The rotating member includes a plurality of engaging convex portions provided at equal intervals in the circumferential direction, and the holding member includes a plurality of engaging concave portions engaged with the plurality of engaging convex portions. The device described.
11. The holding member is installed in the bottom rail so that the holding member is not rotatable or the rotatable angle around the rotation axis of the rotating member is within 90 degrees. Equipment.
The bottom rail includes a rail inside,
The apparatus according to claim 11, wherein the holding member is installed at a desired position by being inserted into the rail and slid from the longitudinal end portion of the bottom rail.
The first cord housing groove is provided over the entire length of the holding member,
The lifting cord is held in the first cord housing groove over the entire length of the first cord housing groove,
The holding member includes a fitting hole that fits into the rotating member at a position where the first cord housing groove is divided.
The apparatus according to any one of claims 1 to 12, wherein the rotating member is inserted into the fitting hole and fitted into the holding member.
It is a manufacturing method of the solar radiation shielding apparatus of Claim 1,
(1) installing the holding member on the bottom rail so that the position of the fitting hole provided in the holding member and the position of the through hole of the bottom rail coincide with each other;
(2) After the step (1), inserting the rotating member from the outer surface side of the bottom rail into the fitting hole through the through hole, and fitting the holding member into the holding member;
(3) Before the step (1), between the steps (1) and (2), or after the step (2), a step of housing the lifting / lowering cord in the first cord housing groove of the holding member. The manufacturing method of the solar radiation shielding apparatus provided.
In the step (3), before the step (1),
(A) Insert a lifting / lowering cord through a through hole provided in the bottom rail,
(B) In that state, the lifting cord is housed in the first cord housing groove of the holding member,
(C) The method of Claim 14 which is a process provided with the process of pulling out the said raising / lowering cord from the said through-hole from the inner surface side of the said bottom rail in the state.

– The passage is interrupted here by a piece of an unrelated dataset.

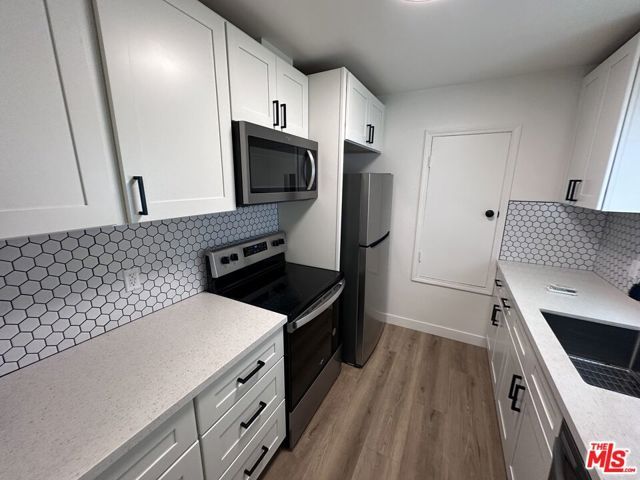 314 S Clark Drive 3, Los Angeles, CA 90048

The method according to claim 15, wherein in the step (B), the elevating cord is accommodated in the first cord accommodating groove by sliding the holding member so as to straddle the through hole.

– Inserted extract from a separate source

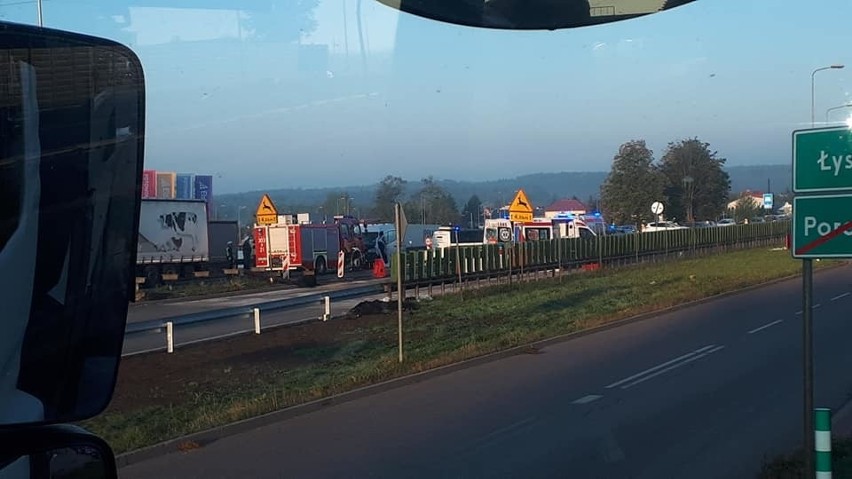 Łyski. Wypadek na wjeździe do Białegostoku. Bus wjechał w tył ciężarówki. Dwie osoby zakleszczone w aucie. Korek na węźle Porosły [ZDJĘCIA]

An adjusting device that is arranged in the bottom rail and adjusts a lower limit position of the bottom rail by changing a pull-in amount by which the lifting / lowering cord is pulled into the bottom rail as the rotating member rotates.
The adjustment device includes a holding member that holds the lifting cord, a rotating member that is attached to the holding member so as to be relatively rotatable, and a rotation operation unit that rotates the rotating member.
The said holding member is a lower limit position adjustment apparatus of a bottom rail provided with the 1st code | cord | chord accommodation groove | channel which accommodates the said raising / lowering cord.